Circle in the Square Theatre
Address 235 West 50th St., New York, New York
Country USA
Owned by Circle in the Square
Capacity 776[1]
Type Broadway theatre
Opened 1970
Years active 1970–present
Production Godspell

The Circle in the Square Theatre is a legitimate Broadway theatre in midtown Manhattan at 235 West 50th Street in the Paramount Plaza building.

The original Circle in the Square was founded by Paul Libin, Theodore Mann and Jose Quintero in 1951 and was located at 5 Sheridan Square (a brownstone) in Greenwich Village. The original Circle in the Square did not have a theater license, but Quintero was able to get a cabaret license; the production staff and off duty actors served as waiters if anyone insisted on ordering food or drinks. Many of the theater personnel, both acting and technical, lived on the premises. Even classical performances took place here: Pianist Grete Sultan, who later became a well known interpreter of New Music and was John Cage's close friend, performed Goldberg Variations by Johann Sebastian Bach here in January 1953. In 1960, the company moved to the Circle in the Square Downtown, at 159 Bleecker Street in Greenwich Village in a historic building built in 1917. Before it became the Circle in the Square Theatre this building first was a movie house followed by the original Amato Opera House. It was built by and operated by Italian-Americans, which was typical of the South Village in the late 19th/early 20th centuries. Many of these theaters in the South Village were, like the Circle in the Square, built or altered from other types of existing structures (in this case, a movie theater) both presaging the adaptive re-use movement of the late 20th century and illustrating the South Village's unique innovative contributions to the world of theater and architecture. In 2004, the Greenwich Village Society for Historic Preservation fought plans by the owners of the building to demolish the theater. This was part of a larger initiative by the organization to document and preserve the entire South Village. However, the theatre was demolished and another building was erected in its place.

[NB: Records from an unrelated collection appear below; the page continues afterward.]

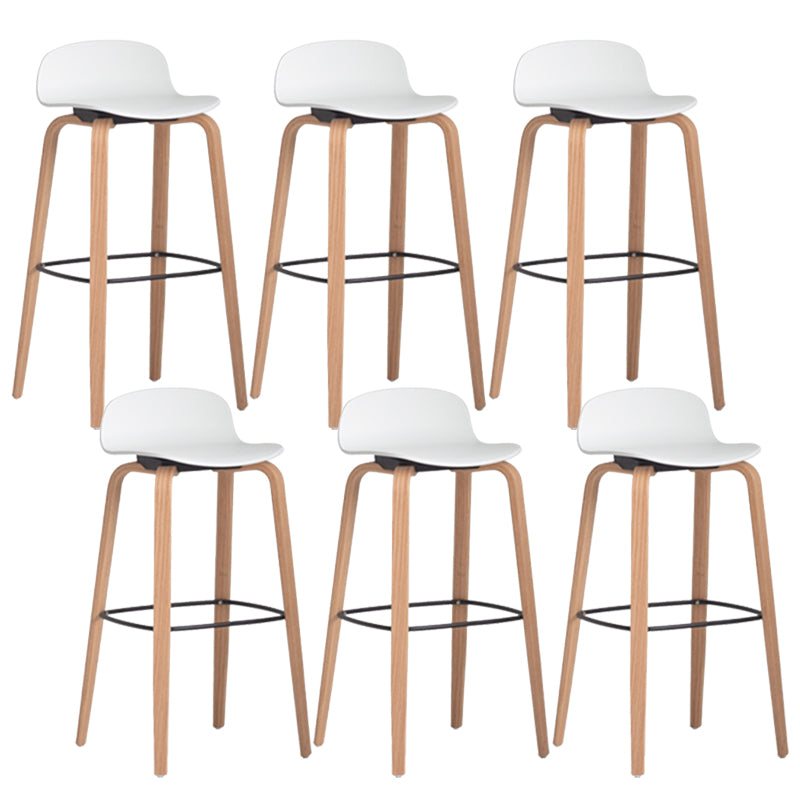 Plastic Low Back Bar Stools Scandinavian Beech Wood Base Barstool
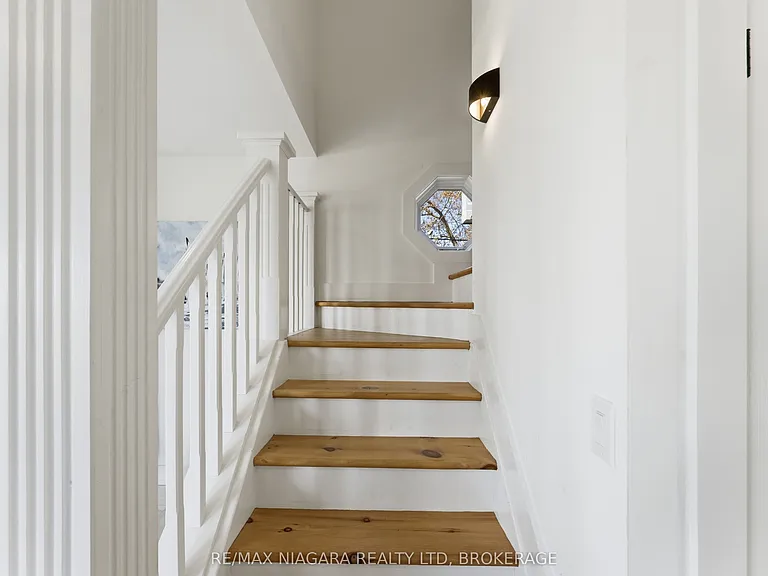 616 Lakeshore Rd — Photo 22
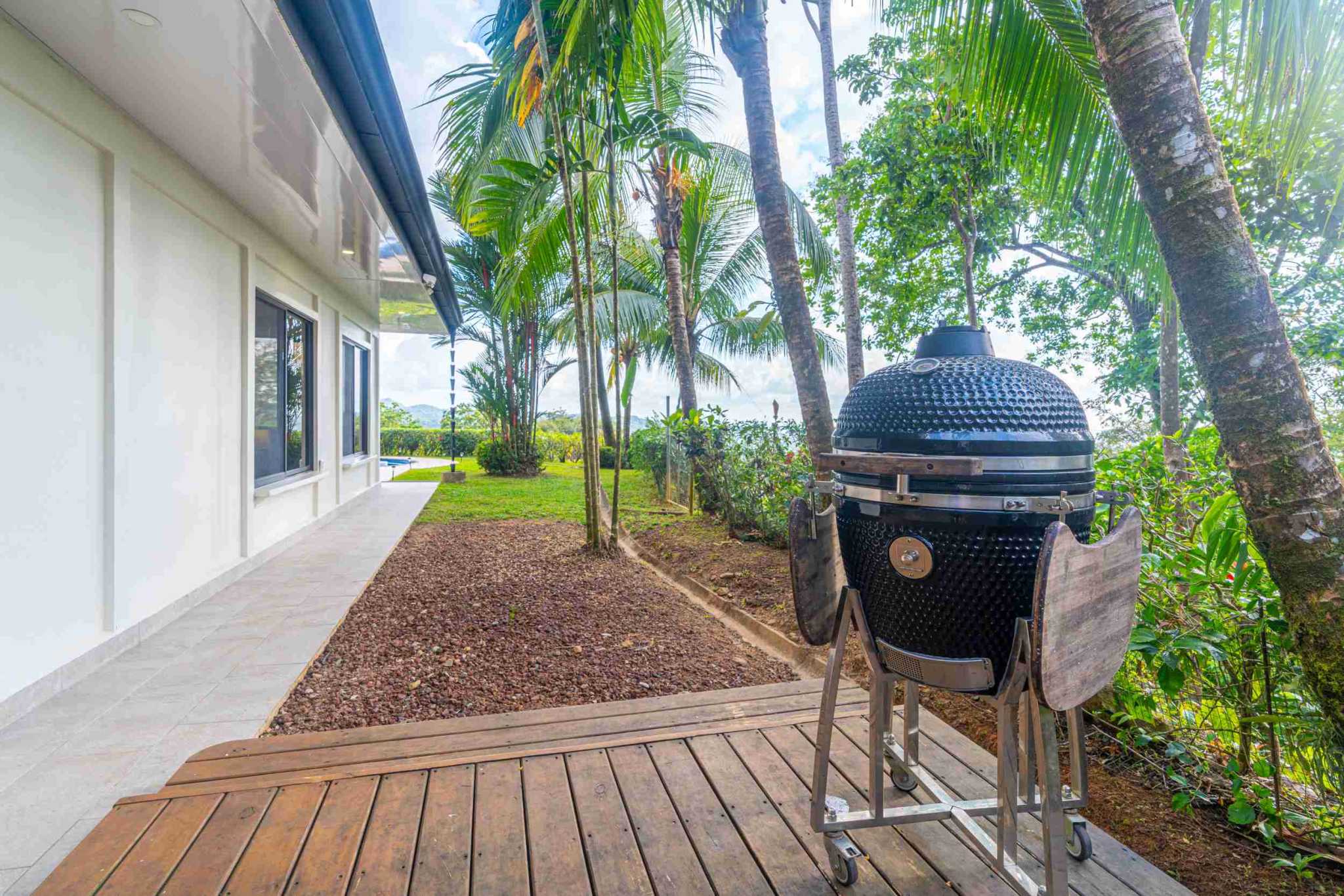 37654- (15) Breathtaking Ocean Sunset Views from 2-Bedroom Home in Ojochal Costa Rica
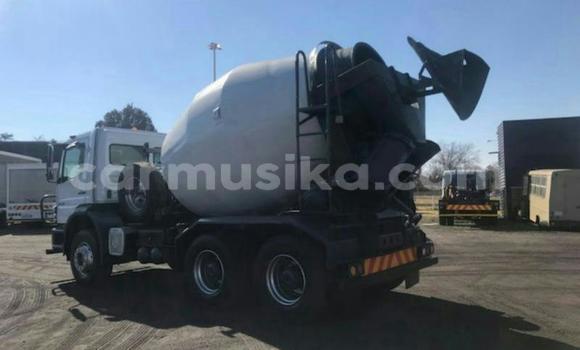 Nunua Ilio tumika Mercedes‒Benz Arocs Nyeupe Lori ndani ya Beitbridge nchini Matabeleland Kusini Nunua Ilio tumika Mercedes‒Benz Arocs Nyeupe Lori ndani ya Beitbridge nchini Matabeleland Kusini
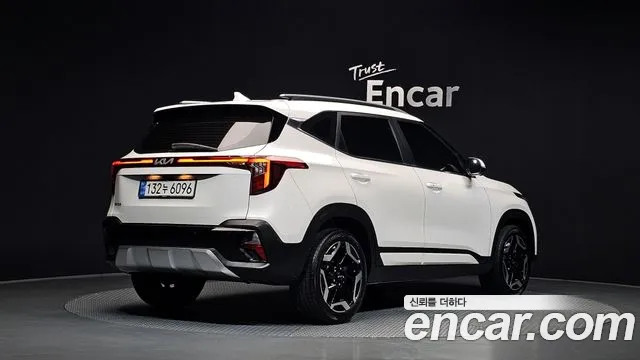 Kia Seltos — Фото автомобиля 2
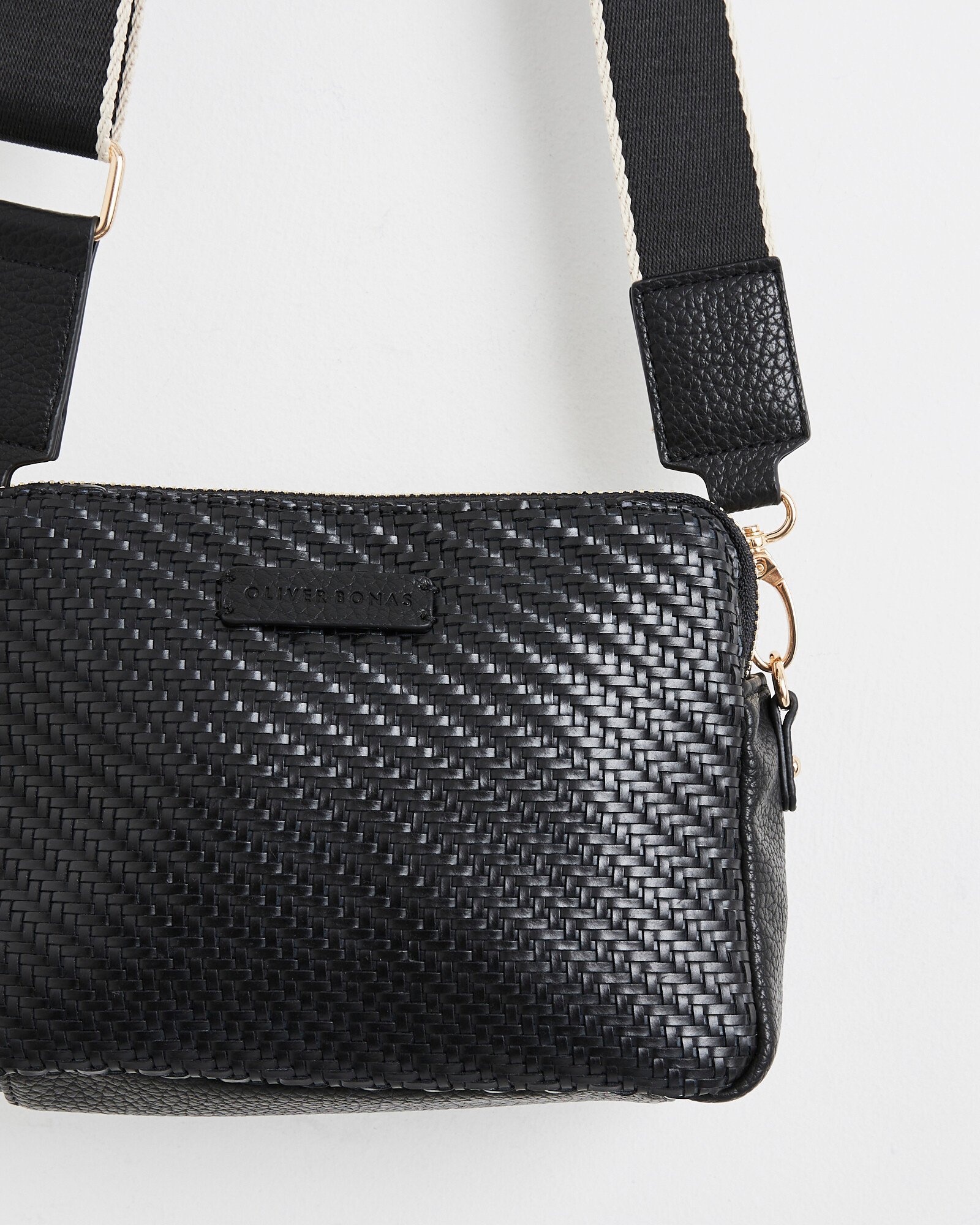 Isla Black Weave Crossbody Bag Oliver Bonas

Designed by architect Alan Sayles, the present home of the company is one of two theatres in the Paramount Plaza office tower. Its much bigger sibling is the Gershwin Theatre. The theatre entrance lobbies are side by side but separated by a wall. The company retains the downtown premises, but rents them out.

The Gershwin and Circle in the Square were built in 1970 when the Uris Brothers tore down the Capitol Theatre to build the tower (with the Gershwin originally being called the Uris Theatre).

It originally served as the uptown home to the Circle-in-the-Square repertory company. Their first production on Broadway, a revival of Mourning Becomes Electra, opened on November 15, 1972.[2]

The theatre is below street level. It is one of only two Broadway houses with a thrust stage (the other is Lincoln Center's Vivian Beaumont Theatre).

The building also houses the Circle in the Square Theatre School, the only accredited training conservatory associated with a Broadway theatre, which offers two two-year training programs, in acting and musical theatre.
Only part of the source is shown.